The Works of Satan

We showed in the last lesson that even a beginning comprehension of God must take into account that He is a spirit, that He is light furnishing life and truth, and that He is love. His archenemy, Satan, is also a spirit, but in every other essential respect he is the opposite of God. In character they stand in stark contrast. Whereas God is the author of truth, Satan is the father of lies (John 8:44). Whereas God is the fountain of life, Satan holds the power of death (Heb. 2:14). Whereas God is love, Satan has always been a murderer (John 8:44).

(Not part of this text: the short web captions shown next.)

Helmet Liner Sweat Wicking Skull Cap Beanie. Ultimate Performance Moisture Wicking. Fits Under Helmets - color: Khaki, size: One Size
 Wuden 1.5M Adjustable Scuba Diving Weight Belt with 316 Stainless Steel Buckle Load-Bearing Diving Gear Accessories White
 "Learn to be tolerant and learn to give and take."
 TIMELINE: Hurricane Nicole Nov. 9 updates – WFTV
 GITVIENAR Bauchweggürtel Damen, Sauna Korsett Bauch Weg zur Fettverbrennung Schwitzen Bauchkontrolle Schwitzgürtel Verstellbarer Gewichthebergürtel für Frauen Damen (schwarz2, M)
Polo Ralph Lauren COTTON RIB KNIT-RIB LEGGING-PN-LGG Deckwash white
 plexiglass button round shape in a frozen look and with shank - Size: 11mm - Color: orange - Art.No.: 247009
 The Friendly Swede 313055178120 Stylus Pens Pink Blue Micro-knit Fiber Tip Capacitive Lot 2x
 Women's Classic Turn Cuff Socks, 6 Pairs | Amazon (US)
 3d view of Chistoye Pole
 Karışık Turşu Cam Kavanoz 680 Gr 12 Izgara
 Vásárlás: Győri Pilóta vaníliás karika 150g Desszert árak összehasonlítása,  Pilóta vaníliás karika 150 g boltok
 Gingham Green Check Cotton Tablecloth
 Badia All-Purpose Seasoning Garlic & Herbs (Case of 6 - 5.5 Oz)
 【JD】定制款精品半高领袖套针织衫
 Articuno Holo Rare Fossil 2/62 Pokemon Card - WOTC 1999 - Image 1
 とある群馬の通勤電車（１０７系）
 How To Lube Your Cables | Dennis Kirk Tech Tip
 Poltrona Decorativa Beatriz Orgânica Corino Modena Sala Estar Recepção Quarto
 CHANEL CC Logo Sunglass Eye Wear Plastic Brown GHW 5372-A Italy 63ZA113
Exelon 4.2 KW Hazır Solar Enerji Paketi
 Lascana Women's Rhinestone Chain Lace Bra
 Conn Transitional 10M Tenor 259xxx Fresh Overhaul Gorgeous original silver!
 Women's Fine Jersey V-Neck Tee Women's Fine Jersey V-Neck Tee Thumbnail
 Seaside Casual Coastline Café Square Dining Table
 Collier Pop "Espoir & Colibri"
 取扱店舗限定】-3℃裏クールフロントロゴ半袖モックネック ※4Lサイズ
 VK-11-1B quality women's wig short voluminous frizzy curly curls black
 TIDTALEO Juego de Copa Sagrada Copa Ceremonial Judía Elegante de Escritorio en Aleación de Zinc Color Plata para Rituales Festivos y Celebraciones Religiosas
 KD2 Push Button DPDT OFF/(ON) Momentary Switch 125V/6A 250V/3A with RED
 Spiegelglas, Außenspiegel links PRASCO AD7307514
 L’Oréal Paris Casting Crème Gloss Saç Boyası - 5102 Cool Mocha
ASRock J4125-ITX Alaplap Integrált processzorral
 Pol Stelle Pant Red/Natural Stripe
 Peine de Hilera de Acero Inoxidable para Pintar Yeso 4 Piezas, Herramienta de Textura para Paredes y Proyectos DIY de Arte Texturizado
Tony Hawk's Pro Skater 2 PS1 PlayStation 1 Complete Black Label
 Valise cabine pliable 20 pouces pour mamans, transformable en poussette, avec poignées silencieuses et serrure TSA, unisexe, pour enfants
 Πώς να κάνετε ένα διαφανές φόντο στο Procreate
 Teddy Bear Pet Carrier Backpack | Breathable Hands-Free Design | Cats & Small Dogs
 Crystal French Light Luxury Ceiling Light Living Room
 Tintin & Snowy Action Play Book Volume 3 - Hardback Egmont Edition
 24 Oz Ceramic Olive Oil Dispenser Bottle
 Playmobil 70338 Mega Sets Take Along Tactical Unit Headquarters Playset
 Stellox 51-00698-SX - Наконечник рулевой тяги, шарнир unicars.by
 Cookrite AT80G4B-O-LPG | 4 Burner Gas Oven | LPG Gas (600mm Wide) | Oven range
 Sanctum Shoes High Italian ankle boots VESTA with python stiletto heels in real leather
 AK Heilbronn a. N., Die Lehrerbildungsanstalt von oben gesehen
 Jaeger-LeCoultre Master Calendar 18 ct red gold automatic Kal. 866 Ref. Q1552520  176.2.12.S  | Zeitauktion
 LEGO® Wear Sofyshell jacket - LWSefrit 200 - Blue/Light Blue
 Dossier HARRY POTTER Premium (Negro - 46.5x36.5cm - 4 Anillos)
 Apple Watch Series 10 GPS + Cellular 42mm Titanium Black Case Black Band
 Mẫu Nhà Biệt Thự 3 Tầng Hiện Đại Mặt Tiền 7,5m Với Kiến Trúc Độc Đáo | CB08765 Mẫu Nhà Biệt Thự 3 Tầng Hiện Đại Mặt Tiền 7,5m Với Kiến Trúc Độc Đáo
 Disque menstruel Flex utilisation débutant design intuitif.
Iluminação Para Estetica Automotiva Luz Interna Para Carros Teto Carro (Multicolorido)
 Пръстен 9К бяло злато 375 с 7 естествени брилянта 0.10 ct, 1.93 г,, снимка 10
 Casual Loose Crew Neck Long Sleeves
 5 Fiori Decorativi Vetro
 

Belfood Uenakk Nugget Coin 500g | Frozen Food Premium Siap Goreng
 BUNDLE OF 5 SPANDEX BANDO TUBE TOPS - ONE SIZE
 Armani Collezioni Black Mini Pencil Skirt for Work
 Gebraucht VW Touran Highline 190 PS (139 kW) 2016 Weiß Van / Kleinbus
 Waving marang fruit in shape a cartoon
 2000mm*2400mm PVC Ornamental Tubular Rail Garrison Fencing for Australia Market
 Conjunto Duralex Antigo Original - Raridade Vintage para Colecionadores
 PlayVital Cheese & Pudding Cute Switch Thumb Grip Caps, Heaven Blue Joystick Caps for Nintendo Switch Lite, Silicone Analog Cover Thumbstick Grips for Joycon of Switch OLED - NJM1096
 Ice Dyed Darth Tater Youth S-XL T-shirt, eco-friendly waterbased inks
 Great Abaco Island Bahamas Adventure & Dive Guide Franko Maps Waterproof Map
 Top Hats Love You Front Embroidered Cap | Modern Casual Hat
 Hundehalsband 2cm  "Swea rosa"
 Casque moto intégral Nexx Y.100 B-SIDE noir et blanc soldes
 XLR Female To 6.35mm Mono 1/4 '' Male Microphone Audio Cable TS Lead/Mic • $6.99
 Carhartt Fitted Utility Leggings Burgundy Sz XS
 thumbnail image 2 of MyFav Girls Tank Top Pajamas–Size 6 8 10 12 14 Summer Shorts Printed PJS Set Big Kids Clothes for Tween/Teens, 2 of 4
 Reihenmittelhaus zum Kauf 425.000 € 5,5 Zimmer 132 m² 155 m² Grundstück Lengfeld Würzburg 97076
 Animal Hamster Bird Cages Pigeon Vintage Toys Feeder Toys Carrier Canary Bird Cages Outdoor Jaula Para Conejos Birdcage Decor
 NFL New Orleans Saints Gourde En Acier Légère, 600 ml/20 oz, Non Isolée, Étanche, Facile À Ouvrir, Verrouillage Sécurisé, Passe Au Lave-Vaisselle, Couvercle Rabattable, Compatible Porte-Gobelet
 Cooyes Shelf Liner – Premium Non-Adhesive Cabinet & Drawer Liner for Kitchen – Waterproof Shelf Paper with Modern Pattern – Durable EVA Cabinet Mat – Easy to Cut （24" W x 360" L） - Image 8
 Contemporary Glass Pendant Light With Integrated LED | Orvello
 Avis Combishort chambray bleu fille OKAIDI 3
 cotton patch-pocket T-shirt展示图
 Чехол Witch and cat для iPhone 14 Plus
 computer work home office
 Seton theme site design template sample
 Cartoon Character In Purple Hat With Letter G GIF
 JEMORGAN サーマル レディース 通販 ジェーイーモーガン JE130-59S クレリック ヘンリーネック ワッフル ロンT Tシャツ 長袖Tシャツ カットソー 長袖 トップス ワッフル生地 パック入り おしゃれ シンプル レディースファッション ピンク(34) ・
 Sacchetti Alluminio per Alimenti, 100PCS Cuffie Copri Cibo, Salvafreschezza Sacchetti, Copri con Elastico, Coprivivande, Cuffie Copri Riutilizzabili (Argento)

Just as the two most powerful beings stand poles apart, so mankind is divided into two radically separate families, the children of God and the children of the devil (John 8:44). Each bears the unmistakable stamp of its father’s character. Because God is love, the children of God are joined together by bonds of love, and love is their manner of life (1 John 4:7). Because Satan is the inventor of sin in all of its wretched forms, the children of Satan forsake the ways of love and wreak violence and murder upon their fellow men (1 John 3:10-12).

We who name God as our Father must therefore be diligent to prove our parentage. If our profession is real, it will be evident in our lives. Our hearts will be loving, not hateful. Our lives will be constructive in their effects, not divisive or destructive.


Scripture gives us convenient checklists for evaluating ourselves.

One appears in Galatians 5:19–21. Paul says clearly that anyone who habitually practices the sins he enumerates cannot be a child of God. He is a child of the devil. Among these sins, which he calls works of the flesh, are some primarily contrary to love for God, but most, including the ones we will discuss, are also contrary to love for our brother.

First come the sexual sins.

  1. "adultery,"
  2. "fornication" (a general term for sex outside marriage),
  3. "uncleanness" (taking pleasure in anything incompatible with purity of mind),
  4. "lasciviousness" (habitual behavior showing contempt for moral decency).

In last place we find the sins associated with consumption of alcohol.

  1. "drunkenness,"
  2. "revellings" (primarily referring to pleasure-seeking parties running late into the night).

The middle of the list includes all the sins causing division between man and man.

  1. "hatred" (literally, "hatreds," defining the root of all these sins),
  2. "variance" (bickerings or heated debates),
  3. "emulations" (jealousies, rivalries),
  4. "wrath" ("wraths," naming the emotion triggered by hatred),
  5. "strife" ("strifes," originally a political term that referred to putting self forward by currying support among a faction or party),
  6. "seditions" (attempts to create division or dissension),
  7. "heresies" (a term not for false teaching, but for creating a party or sect that separates from other believers and goes its own way; in other words, schisms),
  8. "envyings" (meaning exactly what it says: jealousies).

All the divisive sins replay Satan's original rebellion against God. Don't you think Satan enjoyed great respect among the angels? Don't you think His case against God was smooth and convincing and cloaked with high virtue? Don't you think the angels who followed him believed they were acting in line with truth and justice? Likewise in every quarrel that Satan provokes within the church, the leaders of the rebellious faction are plausible men, and their followers view themselves as siding with a good cause.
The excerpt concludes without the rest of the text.